Somebody else brought this, but seriously if the same chip in the Air is in the MB PRO...what makes the MB a PROFESSIONAL device? I know it has a fan but will the fan really gives that significance of a difference between an Air and a PRO work device!?
The same thing that is the difference between an iPhone and an iPhone Pro or airpods and airpods Pro.
 
No Touchbar on MBA ye, i would still be ok with that. but the first incompatible Mac,, until most are updated..
 
TLDR: Graphic designers usually don’t need sustained performance like video editors, they can get the macbook air and be happy with it.

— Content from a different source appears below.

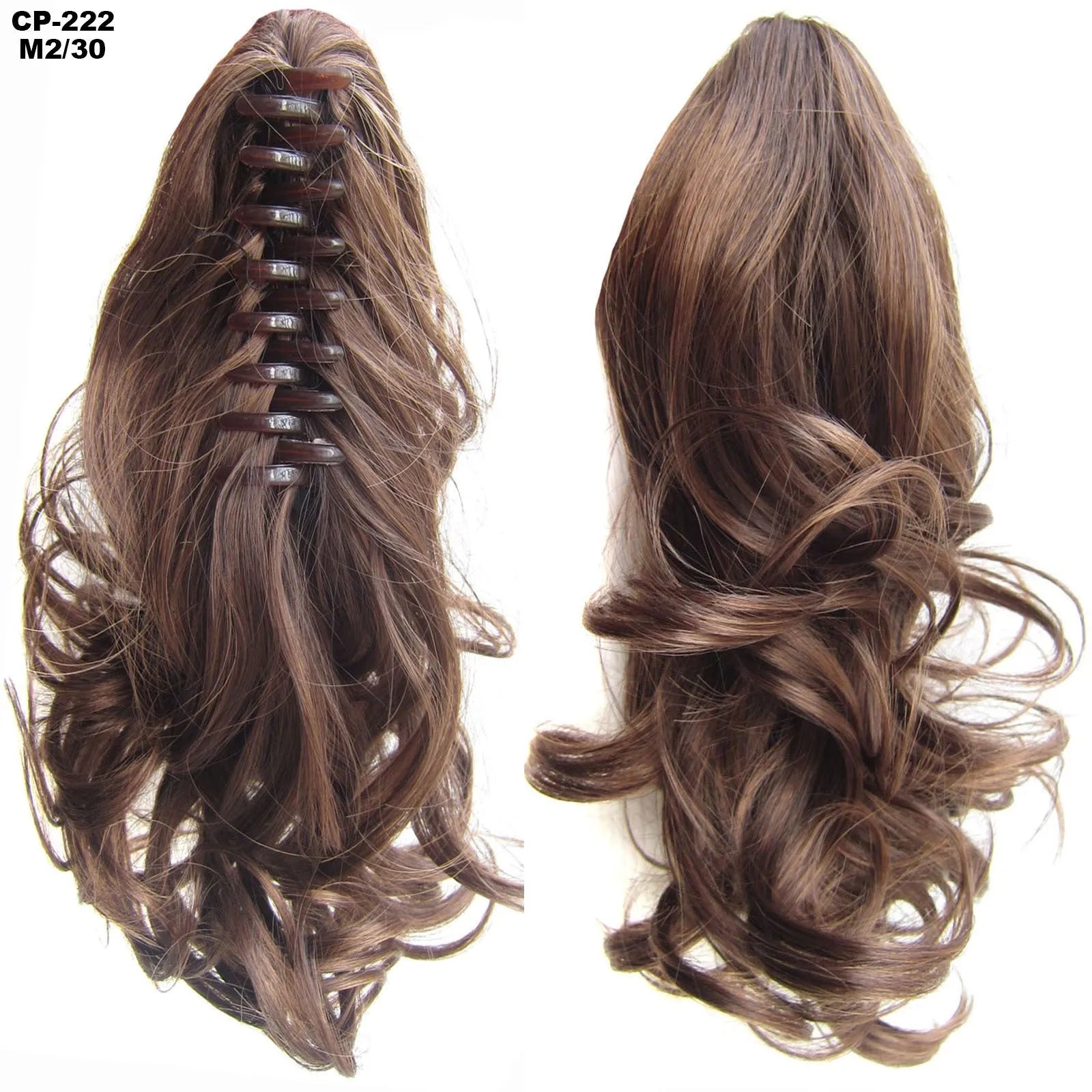 Long wave ponytail wrap around clip in hair extension 40cm chemical fiber natural wave grey hairpiece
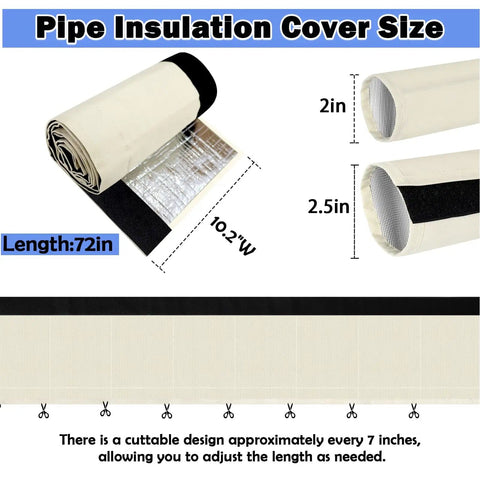Heavy Duty 3 Layer Pipe Insulation Cover For Outdoor AC Lines, 72-inch 600D Oxford Cloth, foam tube wrap.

before m1, graphic designers can’t use macbook air because of the lesser screen quality and slow processor.
I wouldn't say that.... it's really depending on the software. Photoshop for example needs ton of ram running big files. I'ts so extreme that even video editing in final cut pro doesn't need as much power on my systems. But the whole adobe suite is ****** and getting worse and worse, same goes with Premiere. But if you can use Apple software on those m1 chips it will be a dream come true. Too bad there is no alternative to Lightroom (also worse than fcxp on my systems).
 
The differences of the Pro really don't justify the 'Pro' tag on these models in my opinion.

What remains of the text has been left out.